TASK STATEMENT -
Only certain lines below are wanted: those starting at the line containing "Anthropologie Pilcro Batwing" and ending at the line containing "New salary template", both included, each retyped exactly.

DATA EXCERPTS -
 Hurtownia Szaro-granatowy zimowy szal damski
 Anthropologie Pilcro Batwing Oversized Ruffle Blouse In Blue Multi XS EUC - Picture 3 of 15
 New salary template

==

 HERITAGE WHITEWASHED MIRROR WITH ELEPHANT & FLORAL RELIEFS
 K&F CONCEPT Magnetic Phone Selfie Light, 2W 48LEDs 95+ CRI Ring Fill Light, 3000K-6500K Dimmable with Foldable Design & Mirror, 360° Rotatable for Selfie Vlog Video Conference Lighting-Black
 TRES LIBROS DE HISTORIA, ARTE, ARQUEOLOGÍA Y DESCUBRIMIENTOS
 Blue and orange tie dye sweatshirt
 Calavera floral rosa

EXERCISE RESULT -
 Anthropologie Pilcro Batwing Oversized Ruffle Blouse In Blue Multi XS EUC - Picture 3 of 15
 New salary template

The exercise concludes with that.